Our objective is to:
   - Find $ \mathbf{W}_{\text{out}} \in \mathbb{R}^{d \times N} $ that minimizes the **mean squared error (MSE)** with **L2 regularization** (ridge penalty):
$$
     \mathcal{L}(\mathbf{W}_{\text{out}}) = \|\mathbf{Y} - \mathbf{W}_{\text{out}} \mathbf{R}\|_F^2 + \lambda \|\mathbf{W}_{\text{out}}\|_F^2,
$$
     where $ \lambda \geq 0 $ is the regularization coefficient, and $ \|\cdot\|_F $ is the Frobenius norm.

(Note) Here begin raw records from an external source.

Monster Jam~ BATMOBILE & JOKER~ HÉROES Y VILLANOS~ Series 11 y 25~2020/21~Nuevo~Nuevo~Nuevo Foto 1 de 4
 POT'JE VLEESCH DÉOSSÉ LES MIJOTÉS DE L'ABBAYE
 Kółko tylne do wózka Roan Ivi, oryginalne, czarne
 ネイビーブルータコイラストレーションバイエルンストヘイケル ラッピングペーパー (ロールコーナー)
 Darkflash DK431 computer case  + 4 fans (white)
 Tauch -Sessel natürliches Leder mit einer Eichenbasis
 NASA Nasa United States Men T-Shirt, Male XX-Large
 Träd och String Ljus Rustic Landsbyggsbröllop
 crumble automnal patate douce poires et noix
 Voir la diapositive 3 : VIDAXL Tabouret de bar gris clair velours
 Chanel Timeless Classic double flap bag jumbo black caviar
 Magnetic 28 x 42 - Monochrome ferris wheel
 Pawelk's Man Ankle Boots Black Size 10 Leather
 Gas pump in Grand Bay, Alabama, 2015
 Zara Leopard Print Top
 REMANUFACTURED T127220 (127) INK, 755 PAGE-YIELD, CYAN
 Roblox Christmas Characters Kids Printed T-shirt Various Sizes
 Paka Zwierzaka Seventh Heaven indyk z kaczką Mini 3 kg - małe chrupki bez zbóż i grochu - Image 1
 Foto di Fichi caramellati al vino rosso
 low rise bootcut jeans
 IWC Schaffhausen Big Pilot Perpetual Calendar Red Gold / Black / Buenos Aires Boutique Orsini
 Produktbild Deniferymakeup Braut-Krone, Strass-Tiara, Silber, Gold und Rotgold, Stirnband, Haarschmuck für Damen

Let us use the ***Frobenius norm*** as a loss function. Its advantage in machine learning is that it measures squared error between expected and predicted matrix operation, it is a generalisation of Euclidean (L2) norm, it is differentiable and convex, and can be regularised.<br>
It is defined as 
$$ 
     \|\mathbf{A}\|_F^2 = \text{tr}(\mathbf{A}^\top \mathbf{A}) 
$$
     So now:
     
$$
   \mathcal{L}(\mathbf{W}_{\text{out}}) = \text{tr}\left[ (\mathbf{Y} - \mathbf{W}_{\text{out}} \mathbf{R})^\top (\mathbf{Y} - \mathbf{W}_{\text{out}} \mathbf{R}) \right] + \lambda \, \text{tr}(\mathbf{W}_{\text{out}}^\top \mathbf{W}_{\text{out}}).
$$


Let us take the gradient w.r.t. $ \mathbf{W}_{\text{out}} $:
$$
   \nabla_{\mathbf{W}_{\text{out}}} \mathcal{L} = -2 (\mathbf{Y} - \mathbf{W}_{\text{out}} \mathbf{R}) \mathbf{R}^\top + 2 \lambda \mathbf{W}_{\text{out}}.
$$

To identify the minimum we find the zero gradient:
$$
   -2 (\mathbf{Y} - \mathbf{W}_{\text{out}} \mathbf{R}) \mathbf{R}^\top + 2 \lambda \mathbf{W}_{\text{out}} = 0.
$$
    which can be simplified as:
$$
   \mathbf{Y} \mathbf{R}^\top = \mathbf{W}_{\text{out}} (\mathbf{R} \mathbf{R}^\top + \lambda \mathbf{I}).
$$

When $ \lambda > 0 $, we can now solve for $ \mathbf{W}_{\text{out}} $, assuming $ (\mathbf{R} \mathbf{R}^\top + \lambda \mathbf{I}) $ is invertible:
$$
   \mathbf{W}_{\text{out}} = \mathbf{Y} \mathbf{R}^\top (\mathbf{R} \mathbf{R}^\top + \lambda \mathbf{I})^{-1}.
$$

   This is the **ridge regression solution** for the output weights in reservoir computing.

When $ \lambda = 0 $ (no regularisation), we are dealing with **ordinary least squares**, in which case the solution reduces to pseudoinverse:
$$
\mathbf{W}_{\text{out}} = \mathbf{Y} \mathbf{R}^\top (\mathbf{R} \mathbf{R}^\top)^{-1} = \mathbf{Y} \mathbf{R}^+,
$$
where $ \mathbf{R}^+ $ is the Moore-Penrose pseudoinverse of $ \mathbf{R} $.